Typically, one would set at least PATH, MANPATH and LD_LIBRARY_PATH to pick up the appropriate application directories. For more information, please load the modules module (module load modules), and refer to the module and modulefile man pages (i.e. man module and man modulefile).

A good approach is to create a subdirectory within the modules directory for each separate application and to place the new module in that directory, named to reflect the version number of the application. For example the name of the Intel C compiler module file above is /usr/local/Cluster-Config/modulefiles/intel/cce/11.0.081. The command module load intel/cce will automatically try to load the largest version number it finds under /usr/local/Cluster-Config/modulefiles/intel/cce (NB highest in lexical ordering, which is often but not necessarily the same as numerical ordering: e.g. 8 is higher than 1 and therefore also higher than 10).

Spack

The old modules visible to earlier clusters are still available but new modules are now being generated by  Spack. The module names contain hashes uniquely identifying the build options and dependencies but the modules can be searched and located using the spack command.

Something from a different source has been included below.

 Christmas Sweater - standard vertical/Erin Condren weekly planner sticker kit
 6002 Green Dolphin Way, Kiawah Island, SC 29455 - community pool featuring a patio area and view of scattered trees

E.g. to search for modules providing HDF5 1.10.1 compiled using GCC, search for existing builds using

spack find -v hdf5@1.10.1%gcc

which will list matching builds and also show which configure options were on (+) or off (~) . Less version information will show more choices, e.g. one might start off with just

spack find hdf5%gcc

Full details of any matching builds including dependencies (e.g. which MPI was used) can be extracted with

spack find -dvl hdf5@1.10.1%gcc@5.4.0

Existing builds have modules which can be identified with a command such as

spack module find hdf5@1.10.1+mpi %gcc@5.4.0 ^openmpi@1.10.7

which returns the name of the corresponding module (hdf5-1.10.1-gcc-5.4.0-i52euam). Note that is sometimes quicker to search using the short hash form identifying each build (printed at the start of line of output by the spack find -dvl command). E.g.

spack module find /i52euam

(notice the / introducing the hash).

Missing builds can be requested. (For more information about Spack see http://spack.readthedocs.io/en/latest/index.html.)